It is an odd one, but someone wondered to me if the fact that my Female was so recently Spayed might have anything to do with the shift in dynamics between them...??? Anything to everything i guess really.
My Female was Spayed 6 weeks ago.

i mean...is it possible that my Male thinks she is not the dog he knew in someway? Does her changed smell make her weaker to him? And could he be trying to move up a notch? Because my Female had him wrapped around her little paw before. He definitely deferred to her all his life so far...till lately.

If this could be possible...where does that leave me vis a vis re-directing behavior?? 
I do have a Trainer coming tomorrow. Highly recommended one in my neck of the woods..Maryland.

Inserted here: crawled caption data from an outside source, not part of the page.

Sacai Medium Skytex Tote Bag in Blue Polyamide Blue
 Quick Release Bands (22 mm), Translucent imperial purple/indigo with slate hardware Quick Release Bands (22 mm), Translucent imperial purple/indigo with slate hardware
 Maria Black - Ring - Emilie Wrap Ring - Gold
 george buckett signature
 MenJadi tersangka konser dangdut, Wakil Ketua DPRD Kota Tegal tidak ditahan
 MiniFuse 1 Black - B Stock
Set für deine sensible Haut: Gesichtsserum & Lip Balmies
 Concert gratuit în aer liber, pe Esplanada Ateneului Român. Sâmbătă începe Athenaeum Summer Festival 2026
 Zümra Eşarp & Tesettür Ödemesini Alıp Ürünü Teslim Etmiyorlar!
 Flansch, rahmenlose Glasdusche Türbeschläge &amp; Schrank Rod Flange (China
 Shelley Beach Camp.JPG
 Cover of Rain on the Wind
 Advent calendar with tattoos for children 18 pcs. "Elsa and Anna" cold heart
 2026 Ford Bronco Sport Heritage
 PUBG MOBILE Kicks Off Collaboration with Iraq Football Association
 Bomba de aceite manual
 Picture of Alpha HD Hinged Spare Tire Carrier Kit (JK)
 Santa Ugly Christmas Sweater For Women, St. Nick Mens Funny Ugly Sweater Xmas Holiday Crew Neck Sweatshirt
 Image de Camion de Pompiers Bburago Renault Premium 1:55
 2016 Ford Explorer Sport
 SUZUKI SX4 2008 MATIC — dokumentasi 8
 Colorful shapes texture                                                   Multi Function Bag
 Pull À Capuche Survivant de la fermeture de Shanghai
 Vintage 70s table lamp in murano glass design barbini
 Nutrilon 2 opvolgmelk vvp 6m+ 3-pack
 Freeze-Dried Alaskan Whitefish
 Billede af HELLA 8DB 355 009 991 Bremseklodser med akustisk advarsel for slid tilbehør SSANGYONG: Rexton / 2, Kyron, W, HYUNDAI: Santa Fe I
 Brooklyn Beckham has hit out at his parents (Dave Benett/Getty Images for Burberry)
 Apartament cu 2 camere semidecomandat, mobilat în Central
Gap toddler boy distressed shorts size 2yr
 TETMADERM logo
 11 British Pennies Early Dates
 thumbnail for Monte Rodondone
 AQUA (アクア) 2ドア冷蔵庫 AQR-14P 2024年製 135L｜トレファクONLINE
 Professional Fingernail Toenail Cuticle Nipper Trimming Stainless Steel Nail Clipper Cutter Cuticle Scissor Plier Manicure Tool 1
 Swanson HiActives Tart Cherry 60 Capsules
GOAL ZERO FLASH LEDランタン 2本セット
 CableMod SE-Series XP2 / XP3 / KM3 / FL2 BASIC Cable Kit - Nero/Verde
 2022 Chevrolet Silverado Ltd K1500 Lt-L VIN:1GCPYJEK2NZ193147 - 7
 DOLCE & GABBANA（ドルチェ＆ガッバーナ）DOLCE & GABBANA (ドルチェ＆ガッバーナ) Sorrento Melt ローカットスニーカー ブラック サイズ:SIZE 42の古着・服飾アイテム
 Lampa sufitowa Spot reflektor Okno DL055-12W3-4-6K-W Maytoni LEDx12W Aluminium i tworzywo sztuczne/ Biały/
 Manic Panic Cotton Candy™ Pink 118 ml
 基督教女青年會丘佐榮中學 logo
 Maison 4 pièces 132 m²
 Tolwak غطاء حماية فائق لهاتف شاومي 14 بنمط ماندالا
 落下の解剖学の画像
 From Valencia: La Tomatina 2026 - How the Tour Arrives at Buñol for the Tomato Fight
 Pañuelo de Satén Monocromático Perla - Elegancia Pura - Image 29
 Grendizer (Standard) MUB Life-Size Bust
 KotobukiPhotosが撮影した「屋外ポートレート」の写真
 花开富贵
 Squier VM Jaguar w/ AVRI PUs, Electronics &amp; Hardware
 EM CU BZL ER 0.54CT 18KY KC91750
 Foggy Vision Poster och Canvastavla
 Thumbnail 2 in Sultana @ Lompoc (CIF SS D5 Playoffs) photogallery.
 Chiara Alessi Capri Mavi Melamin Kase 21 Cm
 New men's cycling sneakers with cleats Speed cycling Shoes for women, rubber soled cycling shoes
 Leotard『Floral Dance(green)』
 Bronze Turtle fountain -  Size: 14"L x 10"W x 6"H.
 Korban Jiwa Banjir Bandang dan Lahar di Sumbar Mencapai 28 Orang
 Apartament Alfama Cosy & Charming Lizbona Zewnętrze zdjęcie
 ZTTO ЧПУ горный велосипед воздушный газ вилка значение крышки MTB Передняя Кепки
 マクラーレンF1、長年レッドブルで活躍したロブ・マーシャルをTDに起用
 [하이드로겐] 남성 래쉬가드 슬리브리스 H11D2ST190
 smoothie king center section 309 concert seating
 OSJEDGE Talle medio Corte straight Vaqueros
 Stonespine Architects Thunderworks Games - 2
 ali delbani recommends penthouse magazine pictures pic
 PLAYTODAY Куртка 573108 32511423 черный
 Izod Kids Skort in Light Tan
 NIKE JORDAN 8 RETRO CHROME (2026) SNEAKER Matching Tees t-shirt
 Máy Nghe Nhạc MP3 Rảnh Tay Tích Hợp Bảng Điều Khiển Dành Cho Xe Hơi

We will see what she can add.


----------



## pets4life (Feb 22, 2011)

i think dogs and bitches react different ways to fixed/spayed for sure

my female would treat a neutered dog the same way she would treat a spayed female

she would dislike the bitches the MOSt 

she LOVED dogs 

this was all when she was still in tact

she is less social now that she is spayed and more mature she does not care for company or meeting others other than the few friends she has (like 2) So no idea how she feels about dogs anymore but I doubt she would like them.

I think he is older now and feels he is in charge and trying to show it, just be careful you do not want him to hurt her.


----------